Pneumologie
Tréprostinil inhalé dans l’hypertension pulmonaire de la BPCO : une porte définitivement fermée ?
La balance bénéfices-risques est en défaveur du tréprostinil inhalé dans le traitement de l’hypertension pulmonaire associée à la BPCO. Il serait même délétère. L’hypertension pulmonaire des maladies réparatoires ne sont pas uniformes mais y-a-t’il un traitement pour l'hypertension pulmonaire associée à la BPCO ? D’après un entretien avec David MONTANI
Une étude, dont les résultats sont parus en juillet 2024, dans l’European Respiratory Journal, accompagnée de son éditorial co-signé par Marc HUMBERT, paru également dans l’European Respiratory Journal, a cherché à démontrer l’efficacité du Tréprostinil inhalé sur l’hypertension pulmonaire associée à la BPCO. Il s’agit d’un essai multicentrique randomisé, nommé PERFECT, en double aveugle, Tréprostinil versus placebo, sur 12 semaines, ayant inclus 76 patients seulement, l’essai ayant été précocement arrêté par le DSMB (Data Safety Monitoring Board). Les patients inclus avaient tous une BPCO, avec une pression artérielle pulmonaire moyenne (PAPm) supérieure ou égale à 30 mmHg et des résistances vasculaires pulmonaires supérieures à 4 UW. Le critère d'évaluation principal de l'efficacité était la modification de la distance parcourue lors du test de marche de 6 minutes à la fin des 12 semaines.
Des résultats positifs sur l’HTP des pathologies interstitielles
Le professeur David MONTANI, du service de Pneumologie et Soins Intensifs Respiratoires, Centre de Référence de l'Hypertension Pulmonaire (Pulmotension) et du Centre constitutif des maladies pulmonaires rares (OrphaLung), de l’Hôpital de Bicêtre, explique que les hypertensions pulmonaires (HTP) associées aux maladies respiratoires (HTP du groupe 3), ne bénéficient que de très peu d’options thérapeutiques et ne font que rarement l’objet d’essais cliniques.

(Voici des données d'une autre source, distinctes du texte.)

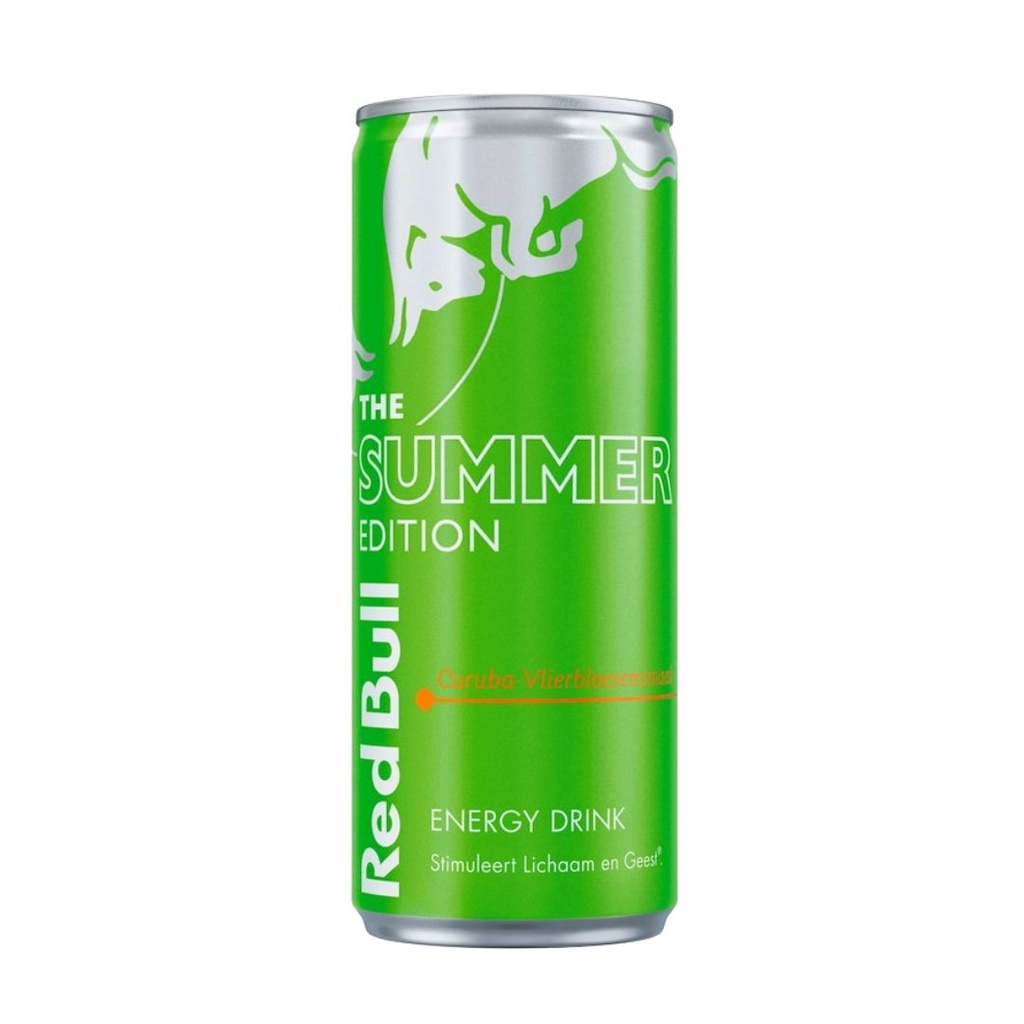 Energético RED BULL SUMMER (Green Lima) CURUBA ELDER 25clx24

Il s’agit d’une pathologie de mauvais pronostic, en manque de thérapeutique efficace. Il se félicite donc de l’initiative du développement d’essais randomisés ciblés sur les hypertensions pulmonaires associées aux pathologies respiratoires. Il rappelle les résultats positifs de l’étude INCREASE. Celle-ci a démontré que le tréprostinil inhalé améliorait significativement du test de marche de 6-minutes chez les patients présentant une HTP associées aux pneumopathies interstitielles chroniques.. David MONTANI précise donc qu’il existait un rationnel fort pour tester le tréprostinil inhalé dans un essais randomisé, avec le même design, dans l’HTP associée à la BPCO. Il souligne qu’il s’agit d’une HTP avec un pronostic réservé en particulier quand l’HTP est sévère. Aucun essai randomisé n’a montré un bénéfice des autres traitements dans cette indication. A la surprise générale, cet essai, nommé PERFECT, a été arrêté prématurément, après avoir inclus 76 patients, par le DSMB, en raison du nombre élevé d’effets indésirables graves dans le groupe traité par tréprostinil, significativement supérieur à celui observé dans le groupe placebo. De plus, il n’y avait pas d’amélioration clinique et un doute sur un surcroît de mortalité.
Le tréprostinil semble donc délétère dans l’HTP associée à la BPCO
David MONTANI explique que les HTP associées aux maladies respiratoires chroniques ne forment pas une entité unique, et qu’elles ont des mécanismes communs mais aussi des spécificités propres à chaque maladie respiratoire. L’utilisation des prostacyclines inhalées au cours de l’HTP de la BPCO n’est donc pas sûre. L’interruption prématurée de cet essai randomisé ferme probablement définitivement une porte thérapeutique pour ces patients. Cela souligne d’avoir d’autres essais pour cette forme d’HTP qui reste actuellement orpheline de thérapeutique. David MONTANI rappelle que deux essais sont en cours, l’un utilisant un stimulateur de la guanylate cyclase sous forme inhalée et l’autre, français, étudiant le tadalafil versus placebo. Les attentes de ces essais sont donc encore plus importantes maintenant. Il conclut que cela souligne que le traitement de ces formes d’HTP est complexe et qu’il est essentiel de s’assurer d’un rapport bénéfice/risque acceptable, comme le signifiaient les auteurs de l’éditorial : « Primum non nocere, secundum cavere, tertium sanare ».
En conclusion, cette étude ferme probablement définitivement la porte au Tréprostinil inhalé comme traitement de l’hypertension pulmonaire associée à la BPCO. Actuellement, il n’existe pas de médicaments approuvés dans cette indication. Les essais en cours apporteront peut-être des réponses.